I could do this for quite a while longer, so I’ll stop here with my favorite. It was a drawing—Death and the Woman.

Not sure why I like it so much, but it made me smile. Maybe it indicates that a woman will be the death of me.

After all that, I remembered the reason I got out in the first place. I’ll give 4/5 ⭐️s for Koie Ramen.

Tomorrow is my last full day in Oslo and I’ll probably spend most of the day doing laundry and getting ready for the next leg of the journey. Where to next? You’ll just have to stay tuned.

Travel: Oslo 8

Today’s adventure was to Ekebergparken Sculpture Park (6.9 miles / 13.3 steps / equivalent of 45 flights of stairs… I’m afraid of what the foot will have to say about this tomorrow.) However, when I saw this sign, I decided I was on the right path.

The Norwegians have a love affair with sculptures and parks. Where we might have one sculpture in a park, situated in a central location and easy to access, the Norwegians like to have many which are here and there and sometimes difficult to find. In many cases, you just happen upon them.

Many of the statues in this park were curious or comical or… “Huh?” So, here is a gallery of a few.

In case you need to reorient yourself, here is a flower and a duck. “Quack.”

A short walk up the hill and I came across Fideicommissum.

Now, you may be saying to yourself, “Why, that’s a woman having a little squat.” And it is! Not only is this a statue, but it is also an anatomically correct water fountain (I did not do a close inspection.) I had to know more, so I first did a Google translate of fideicommissum. “Fiddle Commission” didn’t seem quite right. Maybe “piddle commission?” But, no. From Wikipedia…

The title Fideicommissum refers to the former legal institution of the entail, under which estates and other family properties were passed down from one generation to the next, often benefitting the eldest son. 

What it all comes down to is marking your territory. By the way, have you read Golden Streams. It was written by I.P. Freely. Moving on.

I saw this woman walking toward me and decided to say, “Hi.” We struck up a nice conversation, but she had places to go, so we parted ways.

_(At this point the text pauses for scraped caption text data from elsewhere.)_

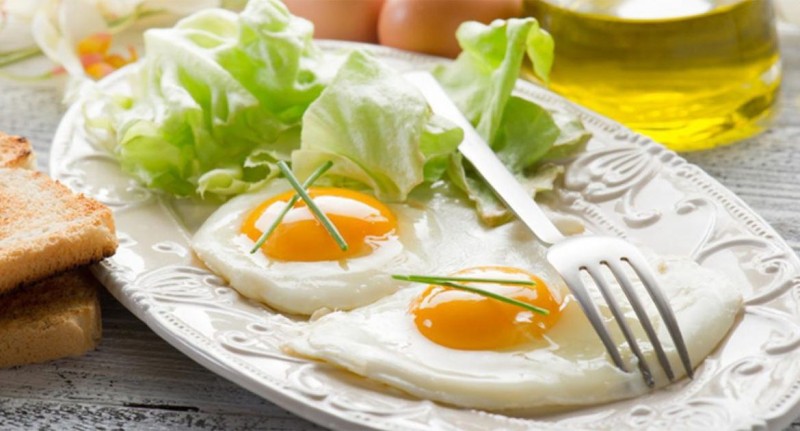 فوائد صحية لن تصدقها لتناول البيض يومياً (تقرير)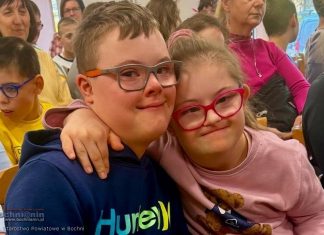 Kolorowe skarpetki, wielkie serca. Wyjątkowa akcja w SOSW – WIDEO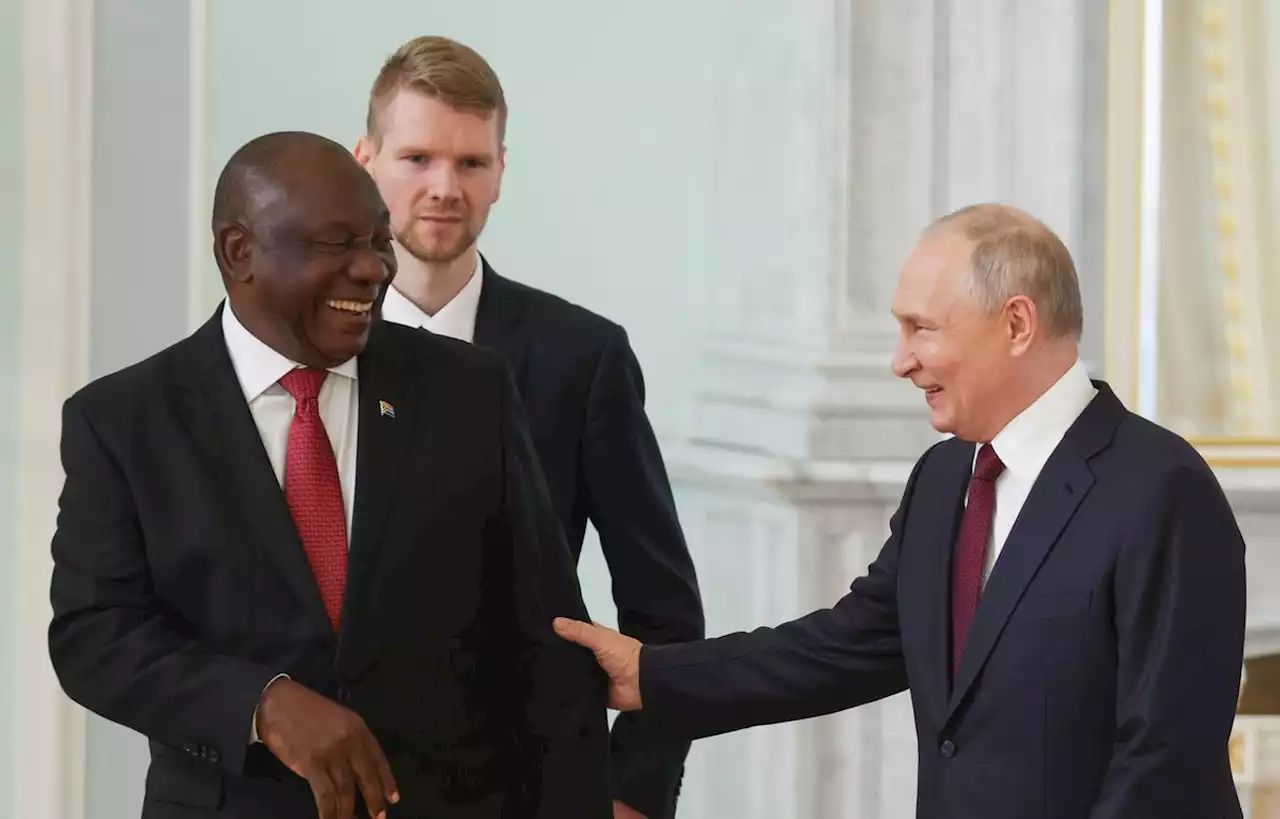 Comment expliquer la complaisance de l’Afrique du Sud envers la Russie ?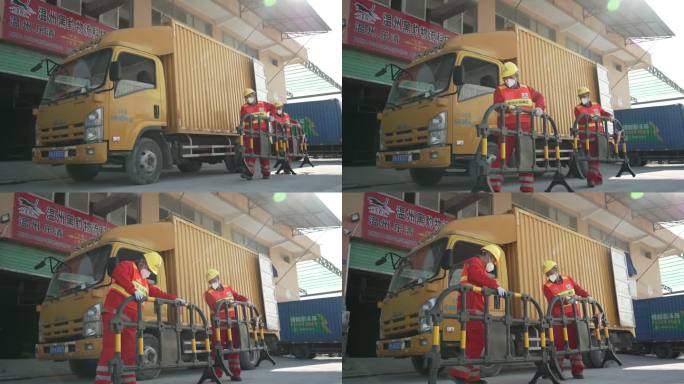 城市施工 更换窨井盖 井盖 市政 劳动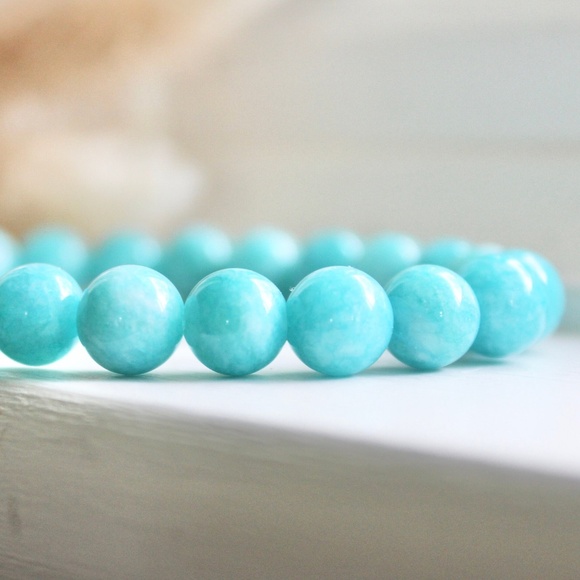 Blue Jade Gemstone Chakra Balancing Energy Bracelet - Picture 1 of 3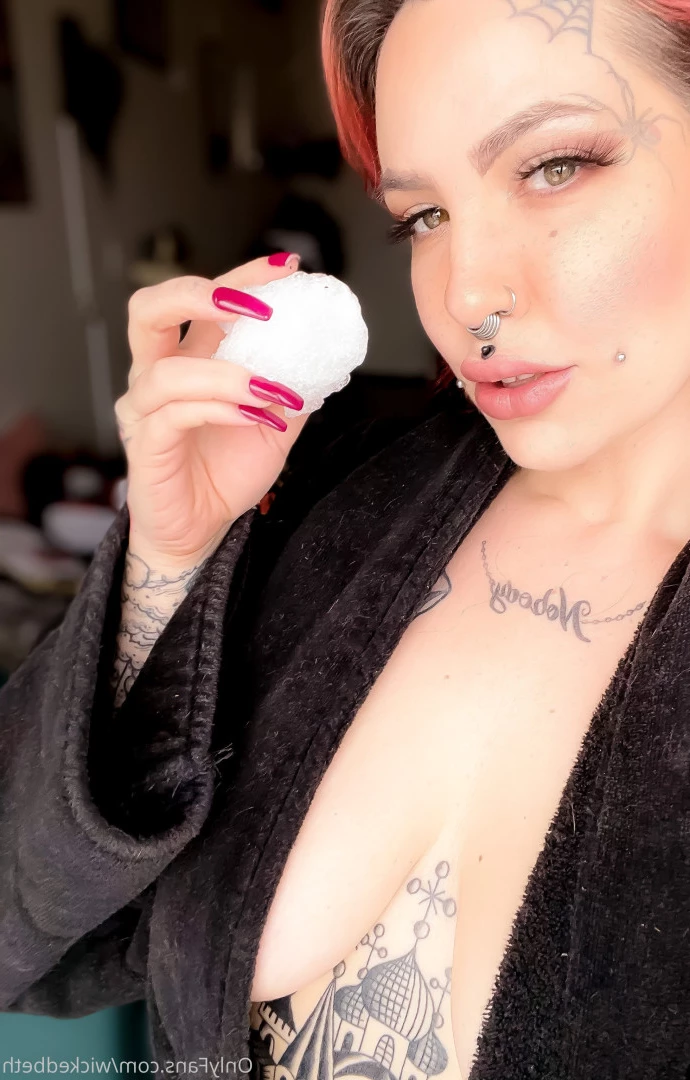 Backdoor Goth 🦇 [ bettyclark ] Onlyfans leaked photo 8822123 on Hotleaks.tv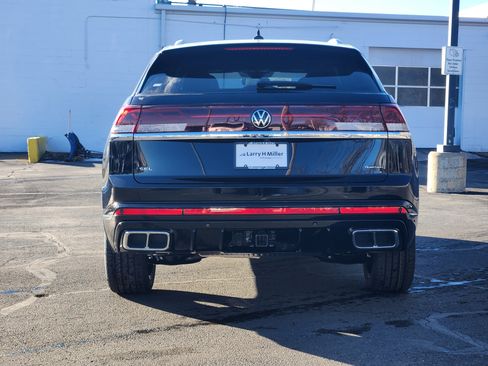 New 2026 Volkswagen Atlas Cross Sport SEL Premium R-Line AWD/4WD image 5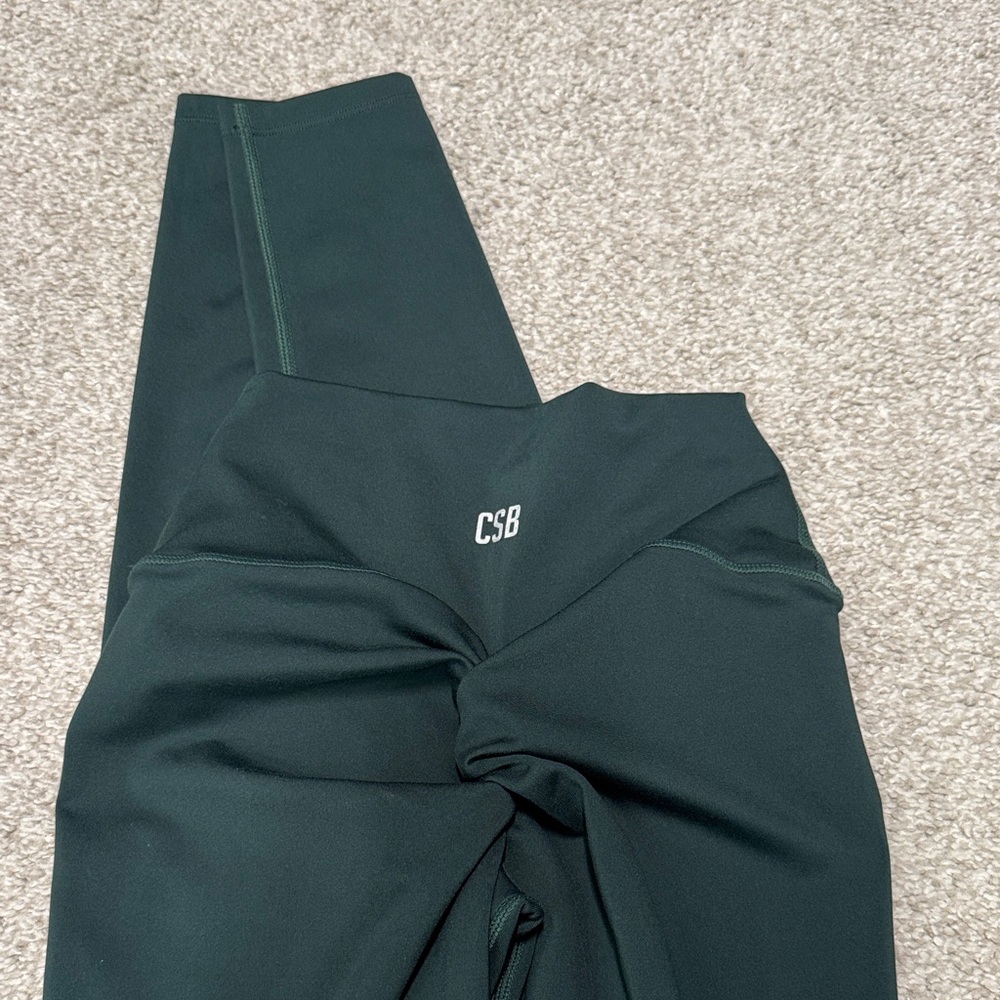 CSB Women's Green Leggings - new without Tag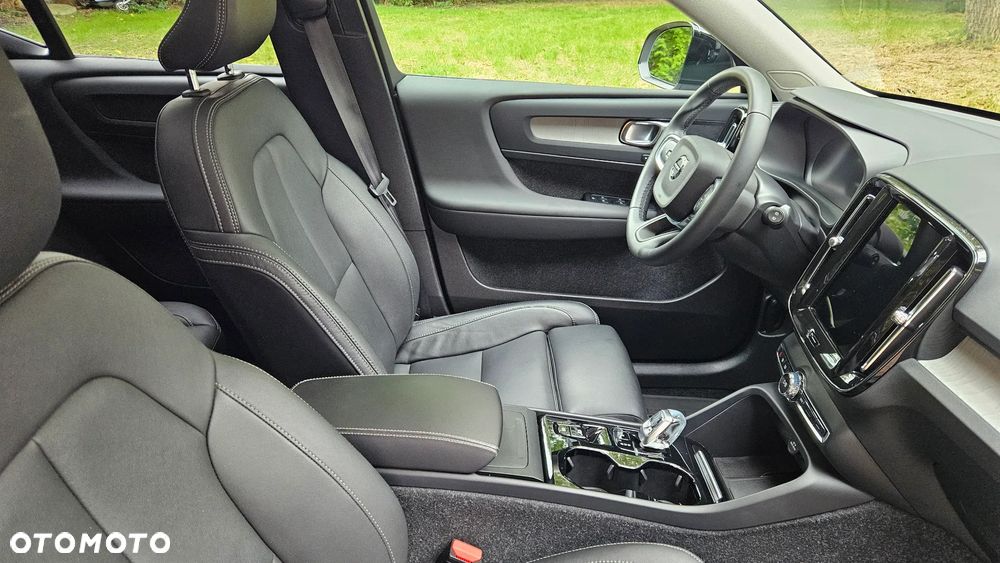 Volvo XC 40 - 27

After such a long hike, I thought about taking a brief nap, but the bench was taken.

When I first saw these, I thought they were lanterns hanging in the trees, but when I got closer… One man’s dirty underwear are another man’s art installation. (They may kick me out of Norway if I get too snarky.)

Before heading back, I did a bit of self-reflecting. I couldn’t see the forest.

I’ve seen this bridge from my hotel window and wanted to get a closer look at it, so on the way back, I found the way to cross. It is the Nordenga Bridge.

Below and circled: the bridge from my window. The buildings to the right of the bridge are called the “Barcode Project.” Twelve buildings close together of varying height.

The arrow is pointing to where I was in the park when I took this panoramic shot of the fjord and city.

Now it is time for a big drink of water, some sushi, and a good book. Pray you are having a wonderful day.

Travel: Oslo 7

Today, I attended St. Edmund’s Church (Church of England). The Rt. Rev. Dr. Robert Innes, Bishop of the Diocese of Europe was the Celebrant with Confirmations. It appeared to be a very special day for the congregation. I had a minute to visit with the Chaplain, The Rev. Canon Joanna Udal.

The service was in English and similar to ours, but with a different order for some parts.

Bishop Innes doing bishopy things. It took a few seconds to realize that it is a map of Europe on his miter.

There was so much construction out front, that it was difficult to get a good picture, so I stole this one from the web.

At the end of June, they will be celebrating their 140th anniversary, so by European standards, it is a very new congregation/church.

The walk to the church this morning was lonely business. Very little movement on the streets. It is my experience that most European cities are trashed on Sunday mornings with garbage everywhere.